→ What is being asked
Output the records. Match them exactly.

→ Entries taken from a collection
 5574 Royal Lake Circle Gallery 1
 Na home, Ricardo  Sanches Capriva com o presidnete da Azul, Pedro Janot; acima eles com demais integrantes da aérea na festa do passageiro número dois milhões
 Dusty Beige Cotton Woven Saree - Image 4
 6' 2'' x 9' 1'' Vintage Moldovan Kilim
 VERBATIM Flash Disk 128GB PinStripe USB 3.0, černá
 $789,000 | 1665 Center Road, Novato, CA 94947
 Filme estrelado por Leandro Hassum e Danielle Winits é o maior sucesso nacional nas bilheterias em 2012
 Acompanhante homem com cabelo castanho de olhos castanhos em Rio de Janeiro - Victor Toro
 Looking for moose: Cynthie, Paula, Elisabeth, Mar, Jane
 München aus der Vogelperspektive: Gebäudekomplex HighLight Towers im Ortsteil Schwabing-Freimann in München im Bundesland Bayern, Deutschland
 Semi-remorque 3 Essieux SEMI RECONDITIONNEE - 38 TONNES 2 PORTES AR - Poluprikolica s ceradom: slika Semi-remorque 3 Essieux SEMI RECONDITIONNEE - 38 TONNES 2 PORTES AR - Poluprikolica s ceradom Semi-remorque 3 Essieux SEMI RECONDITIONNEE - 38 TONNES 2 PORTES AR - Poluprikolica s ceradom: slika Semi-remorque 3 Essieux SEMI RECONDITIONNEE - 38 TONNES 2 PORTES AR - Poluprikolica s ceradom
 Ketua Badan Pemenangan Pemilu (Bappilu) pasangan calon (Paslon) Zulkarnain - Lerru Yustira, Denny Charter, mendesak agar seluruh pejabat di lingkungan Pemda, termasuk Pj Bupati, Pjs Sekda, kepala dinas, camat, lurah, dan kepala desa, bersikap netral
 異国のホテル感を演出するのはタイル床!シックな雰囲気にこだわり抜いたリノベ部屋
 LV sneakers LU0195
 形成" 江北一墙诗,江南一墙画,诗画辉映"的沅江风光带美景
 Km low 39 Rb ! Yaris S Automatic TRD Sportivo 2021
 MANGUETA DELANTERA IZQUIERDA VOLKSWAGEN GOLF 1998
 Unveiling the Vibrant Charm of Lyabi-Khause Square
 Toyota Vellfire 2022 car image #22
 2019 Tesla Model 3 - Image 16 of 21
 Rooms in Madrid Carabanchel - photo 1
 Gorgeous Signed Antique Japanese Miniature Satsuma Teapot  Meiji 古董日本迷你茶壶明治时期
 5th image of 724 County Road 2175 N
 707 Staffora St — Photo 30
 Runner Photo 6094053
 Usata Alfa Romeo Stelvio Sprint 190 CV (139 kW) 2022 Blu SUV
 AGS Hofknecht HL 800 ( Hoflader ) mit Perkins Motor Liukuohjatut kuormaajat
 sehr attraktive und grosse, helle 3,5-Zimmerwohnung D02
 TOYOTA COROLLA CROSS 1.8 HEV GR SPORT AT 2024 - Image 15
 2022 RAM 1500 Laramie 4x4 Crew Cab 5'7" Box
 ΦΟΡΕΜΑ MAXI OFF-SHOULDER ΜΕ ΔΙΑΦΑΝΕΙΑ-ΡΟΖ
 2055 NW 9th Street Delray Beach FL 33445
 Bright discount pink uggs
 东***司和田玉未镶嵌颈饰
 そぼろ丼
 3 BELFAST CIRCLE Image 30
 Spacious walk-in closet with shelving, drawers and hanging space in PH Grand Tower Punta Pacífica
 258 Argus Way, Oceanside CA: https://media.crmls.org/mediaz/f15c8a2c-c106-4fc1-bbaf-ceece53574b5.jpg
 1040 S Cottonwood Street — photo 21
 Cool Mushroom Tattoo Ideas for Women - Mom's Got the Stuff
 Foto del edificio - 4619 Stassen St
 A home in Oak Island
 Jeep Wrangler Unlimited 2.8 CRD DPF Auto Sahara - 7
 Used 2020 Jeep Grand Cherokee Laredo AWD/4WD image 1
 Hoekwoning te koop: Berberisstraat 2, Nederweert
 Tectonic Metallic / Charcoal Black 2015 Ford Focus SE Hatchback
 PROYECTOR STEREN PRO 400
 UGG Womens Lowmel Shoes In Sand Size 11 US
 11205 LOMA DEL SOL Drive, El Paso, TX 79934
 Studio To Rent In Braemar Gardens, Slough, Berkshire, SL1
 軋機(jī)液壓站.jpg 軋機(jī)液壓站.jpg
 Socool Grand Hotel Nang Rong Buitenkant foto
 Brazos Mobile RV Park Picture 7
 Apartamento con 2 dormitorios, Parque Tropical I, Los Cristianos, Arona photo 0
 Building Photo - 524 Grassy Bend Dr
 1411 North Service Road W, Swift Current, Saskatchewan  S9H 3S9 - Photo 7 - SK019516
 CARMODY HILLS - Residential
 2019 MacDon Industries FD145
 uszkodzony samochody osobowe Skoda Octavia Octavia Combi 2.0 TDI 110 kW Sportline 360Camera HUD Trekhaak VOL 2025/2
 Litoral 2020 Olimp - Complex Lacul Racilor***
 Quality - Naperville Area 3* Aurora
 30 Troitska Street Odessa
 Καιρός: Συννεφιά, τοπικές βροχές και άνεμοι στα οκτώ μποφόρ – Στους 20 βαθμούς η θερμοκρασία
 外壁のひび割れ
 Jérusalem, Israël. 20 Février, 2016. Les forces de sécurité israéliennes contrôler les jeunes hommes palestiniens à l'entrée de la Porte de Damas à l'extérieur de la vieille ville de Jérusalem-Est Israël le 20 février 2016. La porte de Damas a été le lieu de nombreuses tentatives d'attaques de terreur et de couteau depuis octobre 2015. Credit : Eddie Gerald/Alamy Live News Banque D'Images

→ Answer section
 5574 Royal Lake Circle Gallery 1
 Na home, Ricardo  Sanches Capriva com o presidnete da Azul, Pedro Janot; acima eles com demais integrantes da aérea na festa do passageiro número dois milhões
 Dusty Beige Cotton Woven Saree - Image 4
 6' 2'' x 9' 1'' Vintage Moldovan Kilim
 VERBATIM Flash Disk 128GB PinStripe USB 3.0, černá
 $789,000 | 1665 Center Road, Novato, CA 94947
 Filme estrelado por Leandro Hassum e Danielle Winits é o maior sucesso nacional nas bilheterias em 2012
 Acompanhante homem com cabelo castanho de olhos castanhos em Rio de Janeiro - Victor Toro
 Looking for moose: Cynthie, Paula, Elisabeth, Mar, Jane
 München aus der Vogelperspektive: Gebäudekomplex HighLight Towers im Ortsteil Schwabing-Freimann in München im Bundesland Bayern, Deutschland
 Semi-remorque 3 Essieux SEMI RECONDITIONNEE - 38 TONNES 2 PORTES AR - Poluprikolica s ceradom: slika Semi-remorque 3 Essieux SEMI RECONDITIONNEE - 38 TONNES 2 PORTES AR - Poluprikolica s ceradom Semi-remorque 3 Essieux SEMI RECONDITIONNEE - 38 TONNES 2 PORTES AR - Poluprikolica s ceradom: slika Semi-remorque 3 Essieux SEMI RECONDITIONNEE - 38 TONNES 2 PORTES AR - Poluprikolica s ceradom
 Ketua Badan Pemenangan Pemilu (Bappilu) pasangan calon (Paslon) Zulkarnain - Lerru Yustira, Denny Charter, mendesak agar seluruh pejabat di lingkungan Pemda, termasuk Pj Bupati, Pjs Sekda, kepala dinas, camat, lurah, dan kepala desa, bersikap netral
 異国のホテル感を演出するのはタイル床!シックな雰囲気にこだわり抜いたリノベ部屋
 LV sneakers LU0195
 形成" 江北一墙诗,江南一墙画,诗画辉映"的沅江风光带美景
 Km low 39 Rb ! Yaris S Automatic TRD Sportivo 2021
 MANGUETA DELANTERA IZQUIERDA VOLKSWAGEN GOLF 1998
 Unveiling the Vibrant Charm of Lyabi-Khause Square
 Toyota Vellfire 2022 car image #22
 2019 Tesla Model 3 - Image 16 of 21
 Rooms in Madrid Carabanchel - photo 1
 Gorgeous Signed Antique Japanese Miniature Satsuma Teapot  Meiji 古董日本迷你茶壶明治时期
 5th image of 724 County Road 2175 N
 707 Staffora St — Photo 30
 Runner Photo 6094053
 Usata Alfa Romeo Stelvio Sprint 190 CV (139 kW) 2022 Blu SUV
 AGS Hofknecht HL 800 ( Hoflader ) mit Perkins Motor Liukuohjatut kuormaajat
 sehr attraktive und grosse, helle 3,5-Zimmerwohnung D02
 TOYOTA COROLLA CROSS 1.8 HEV GR SPORT AT 2024 - Image 15
 2022 RAM 1500 Laramie 4x4 Crew Cab 5'7" Box
 ΦΟΡΕΜΑ MAXI OFF-SHOULDER ΜΕ ΔΙΑΦΑΝΕΙΑ-ΡΟΖ
 2055 NW 9th Street Delray Beach FL 33445
 Bright discount pink uggs
 东***司和田玉未镶嵌颈饰
 そぼろ丼
 3 BELFAST CIRCLE Image 30
 Spacious walk-in closet with shelving, drawers and hanging space in PH Grand Tower Punta Pacífica
 258 Argus Way, Oceanside CA: https://media.crmls.org/mediaz/f15c8a2c-c106-4fc1-bbaf-ceece53574b5.jpg
 1040 S Cottonwood Street — photo 21
 Cool Mushroom Tattoo Ideas for Women - Mom's Got the Stuff
 Foto del edificio - 4619 Stassen St
 A home in Oak Island
 Jeep Wrangler Unlimited 2.8 CRD DPF Auto Sahara - 7
 Used 2020 Jeep Grand Cherokee Laredo AWD/4WD image 1
 Hoekwoning te koop: Berberisstraat 2, Nederweert
 Tectonic Metallic / Charcoal Black 2015 Ford Focus SE Hatchback
 PROYECTOR STEREN PRO 400
 UGG Womens Lowmel Shoes In Sand Size 11 US
 11205 LOMA DEL SOL Drive, El Paso, TX 79934
 Studio To Rent In Braemar Gardens, Slough, Berkshire, SL1
 軋機(jī)液壓站.jpg 軋機(jī)液壓站.jpg
 Socool Grand Hotel Nang Rong Buitenkant foto
 Brazos Mobile RV Park Picture 7
 Apartamento con 2 dormitorios, Parque Tropical I, Los Cristianos, Arona photo 0
 Building Photo - 524 Grassy Bend Dr
 1411 North Service Road W, Swift Current, Saskatchewan  S9H 3S9 - Photo 7 - SK019516
 CARMODY HILLS - Residential
 2019 MacDon Industries FD145
 uszkodzony samochody osobowe Skoda Octavia Octavia Combi 2.0 TDI 110 kW Sportline 360Camera HUD Trekhaak VOL 2025/2
 Litoral 2020 Olimp - Complex Lacul Racilor***
 Quality - Naperville Area 3* Aurora
 30 Troitska Street Odessa
 Καιρός: Συννεφιά, τοπικές βροχές και άνεμοι στα οκτώ μποφόρ – Στους 20 βαθμούς η θερμοκρασία
 外壁のひび割れ
 Jérusalem, Israël. 20 Février, 2016. Les forces de sécurité israéliennes contrôler les jeunes hommes palestiniens à l'entrée de la Porte de Damas à l'extérieur de la vieille ville de Jérusalem-Est Israël le 20 février 2016. La porte de Damas a été le lieu de nombreuses tentatives d'attaques de terreur et de couteau depuis octobre 2015. Credit : Eddie Gerald/Alamy Live News Banque D'Images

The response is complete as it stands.